Con todas las incógnitas que existen, uno podría anticipar un estilo distinto de gestión, otras prioridades en materia energética, cambios en la política ambiental. Lo que hasta el momento parece inalterable es, quizá, lo más profundo: el entendimiento de lo político. Sheinbaum persiste en las categorías de la enemistad. El país está dividido en dos bandos irreconciliables y a uno de ellos pertenece en exclusiva la justicia, la verdad y el futuro. El enemigo, descendiente directo de todos los satanes de nuestra historia, es el obstáculo a la felicidad pública. Si las reglas no son las nuestras, son trampas del enemigo. Sheinbaum ha sido tan opuesta a los contrapesos y tan irrespetuosa de las formas constitucionales como López Obrador. Usó a la fiscalía como su instrumento, golpeó a los órganos autónomos de la capital como lo ha hecho el presidente. Ante la amenaza de que las autonomías sean demolidas, Sheinbaum apuesta decididamente por la dinamita presidencial. 

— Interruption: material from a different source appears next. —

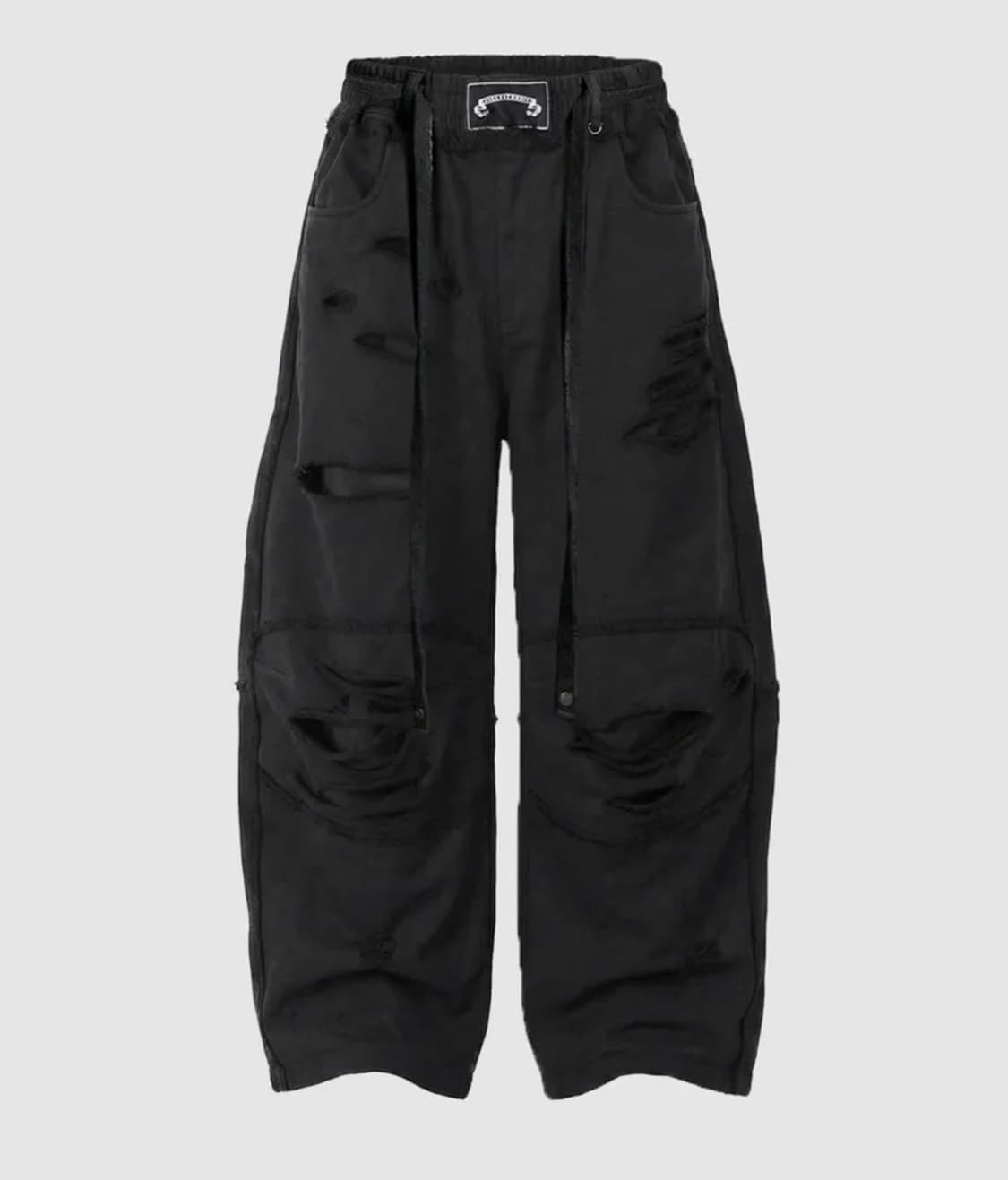 배드블러드 Destroyed Raw Edge Joggers Black 상품이미지1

Hay que decir que, por lo menos, Sheinbaum no se describe como liberal. En las definiciones que ha hecho de sí misma, aparece su género y el orgullo de su entrenamiento científico, su militancia en el campo de la izquierda y su bandera democrática. Soy una mujer científica de la izquierda democrática, dice. A diferencia de López Obrador, no sugiere que la izquierda sea sinónimo de liberal. Sheinbaum no carga ya con esa contradicción que ha exhibido el presidente: decirse liberal y defender un proyecto que niega la ingeniería y los valores del liberalismo. La palabra que la candidata no dice es reveladora porque permite ver con claridad que su entendimiento de la democracia es trunco. Una democracia que expresa la voluntad del pueblo, pero que no tiene instrumentos para evitar el abuso de un poder ejercido en nombre del pueblo. Sheinbaum no aprecia el aporte del adjetivo liberal porque está convencida de que la democracia es y es solamente “representación del pueblo.” Como la democracia del patriarca, la democracia de Sheinbaum es tan elemental que se reduce a su etimología.

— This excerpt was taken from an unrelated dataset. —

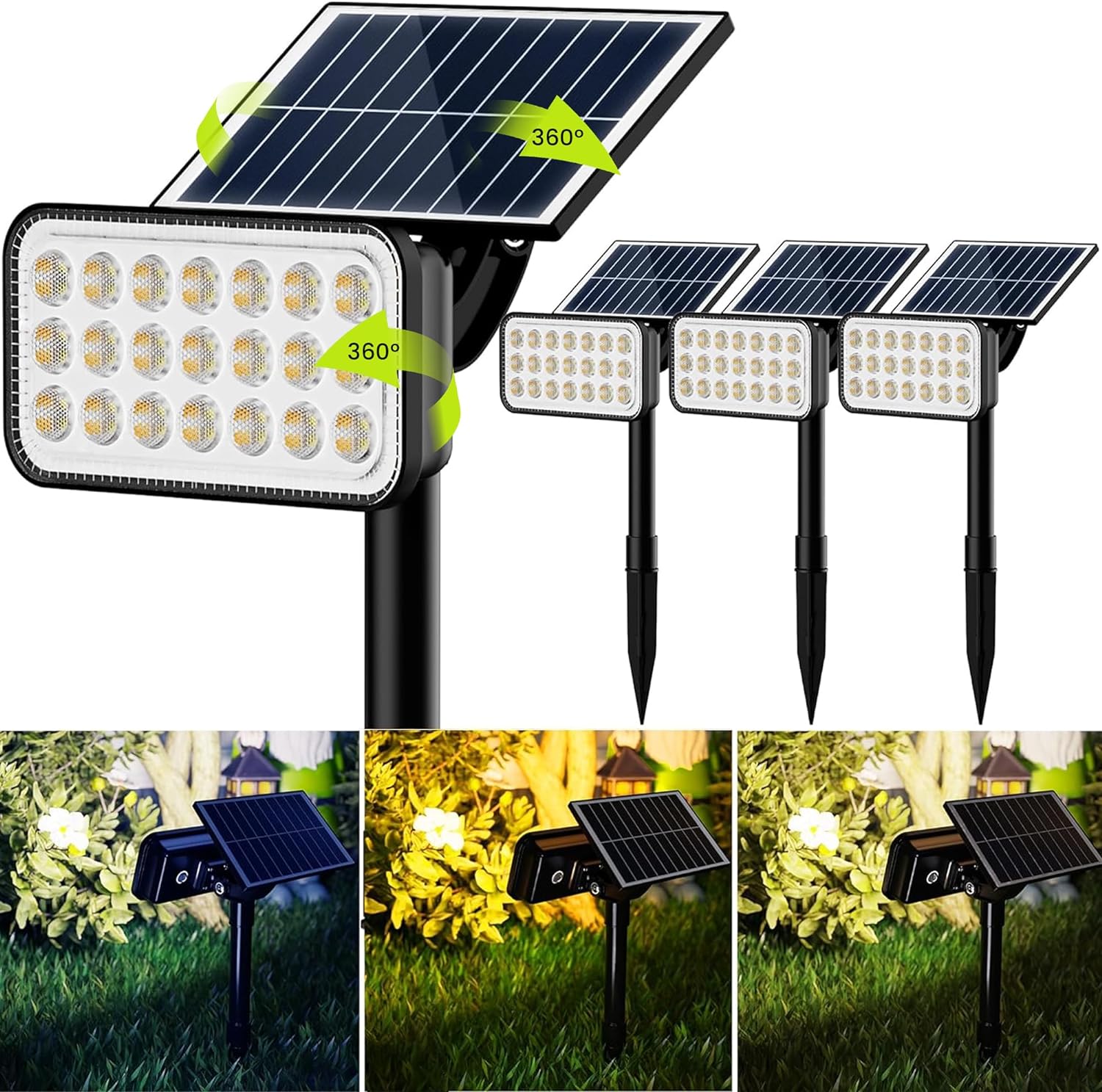 JACKYLED 84-LED Solar Spotlights 5 Lighting Modes 360° Adjustable IP65 Waterproof Super Bright Overnight Solar Spot Lights for Outside with Extendable Spike for Yard, Garden, Lawn, Pathway, 4 Pack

Ahí está una de las marcas fundamentales de la ideología lopezobradorista: la reducción de la democracia a simple voluntad popular. En ese pozole populista que ridículamente llaman “Humanismo Mexicano” aparece destacadamente una filosofía antiliberal de la democracia. Democracia que es voluntad de la mayoría y eliminación de cualquier obstáculo que fastidie a quien pretenda encarnar esa mayoría. Por eso la candidata, en su torpe respuesta a Ernesto Zedillo, no logra ver lo que significó el tránsito al pluralismo en los últimos años del siglo XX y no aprecia por tanto lo que significan para hoy el diálogo entre mayorías y minorías, el saludable forcejeo de las instituciones, el aporte de los reparos legales a los antojos del poder.

La democracia mexicana no es fue un regalo ni fue tampoco un abordaje. Fue el fruto de la negociación. Fue el resultado de muchos pactos. Que Sheinbaum siga el cuento de la victoria fundacional que nos trajo la democracia cuando el pueblo se impuso a la oligarquía expone con claridad esa visión de la democracia que no es solamente antiliberal sino autocrática. La democracia pertenece a nuestro movimiento. La democracia la hicimos solo nosotros y a nosotros nos pertenece. Ustedes, los enemigos del pueblo, no tienen nada que decir sobre nuestro régimen. La demócrata que no aprecia la contribución de los otros, que no reconoce el valor de los contrapesos, no es demócrata.